● **What to produce**: In the records that follow, find the line with "Purple Casual Dot"; from there, retype every line exactly through the line with "Huge Antique Neoclassical", which also belongs to the answer.

● **Dataset extract**:

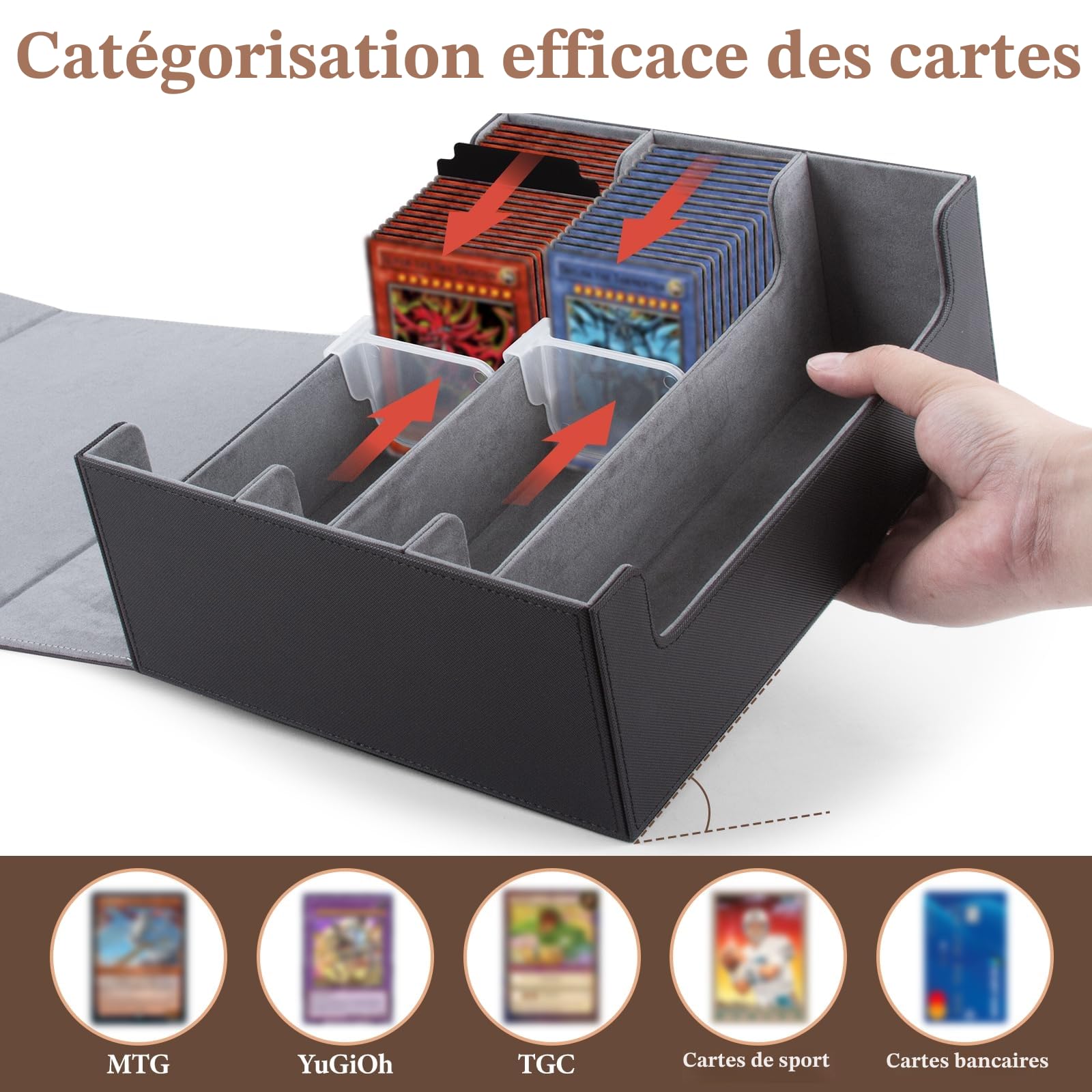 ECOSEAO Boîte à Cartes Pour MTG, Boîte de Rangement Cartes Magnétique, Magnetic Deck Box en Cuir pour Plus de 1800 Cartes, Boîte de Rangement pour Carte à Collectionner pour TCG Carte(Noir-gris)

==

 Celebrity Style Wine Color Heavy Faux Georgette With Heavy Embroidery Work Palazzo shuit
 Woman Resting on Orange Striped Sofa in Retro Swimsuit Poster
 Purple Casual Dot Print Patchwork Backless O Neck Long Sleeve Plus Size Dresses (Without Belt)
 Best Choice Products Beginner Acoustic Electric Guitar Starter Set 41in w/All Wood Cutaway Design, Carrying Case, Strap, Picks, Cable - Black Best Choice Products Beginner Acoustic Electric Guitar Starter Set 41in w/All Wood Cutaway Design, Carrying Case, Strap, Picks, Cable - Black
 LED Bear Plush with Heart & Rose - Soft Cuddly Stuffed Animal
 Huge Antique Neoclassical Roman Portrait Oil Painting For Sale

* * *

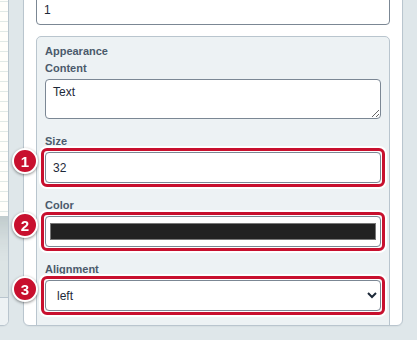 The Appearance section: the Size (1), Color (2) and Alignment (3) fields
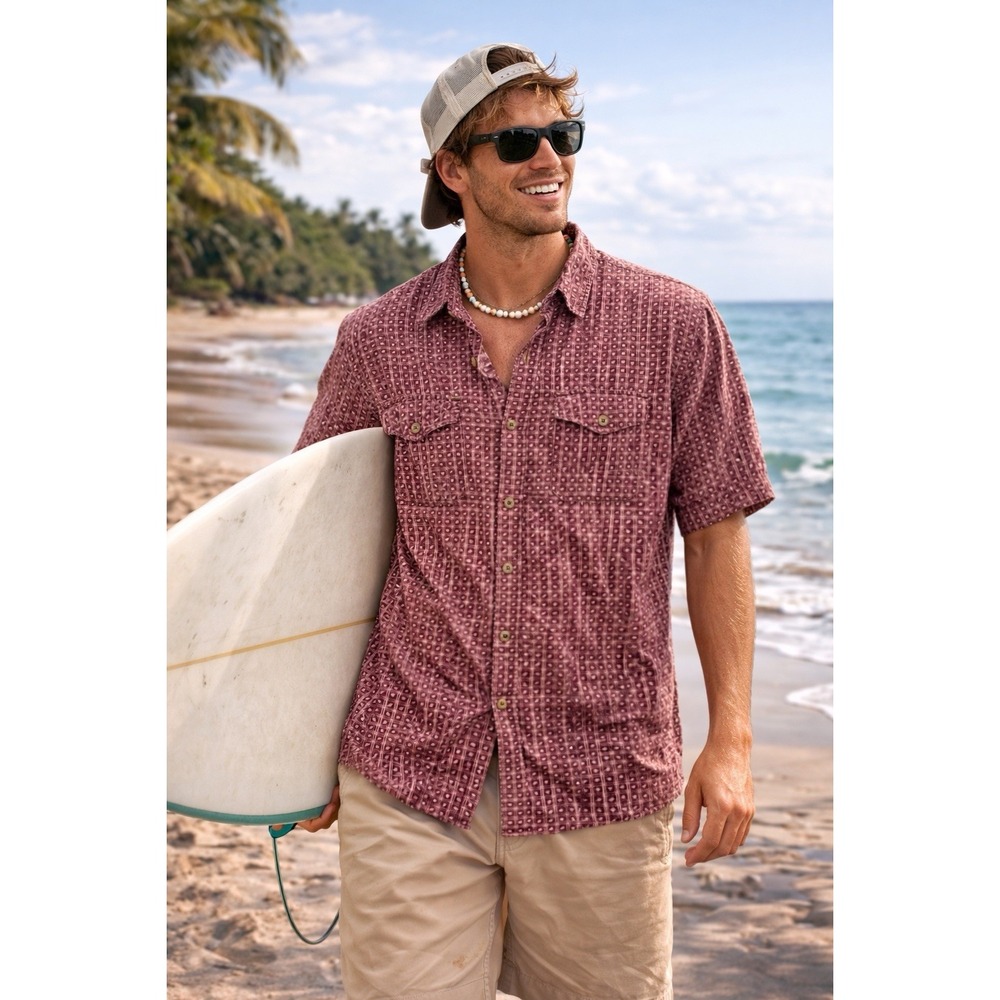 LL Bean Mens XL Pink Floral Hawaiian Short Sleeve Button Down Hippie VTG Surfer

● **Output**:
 Purple Casual Dot Print Patchwork Backless O Neck Long Sleeve Plus Size Dresses (Without Belt)
 Best Choice Products Beginner Acoustic Electric Guitar Starter Set 41in w/All Wood Cutaway Design, Carrying Case, Strap, Picks, Cable - Black Best Choice Products Beginner Acoustic Electric Guitar Starter Set 41in w/All Wood Cutaway Design, Carrying Case, Strap, Picks, Cable - Black
 LED Bear Plush with Heart & Rose - Soft Cuddly Stuffed Animal
 Huge Antique Neoclassical Roman Portrait Oil Painting For Sale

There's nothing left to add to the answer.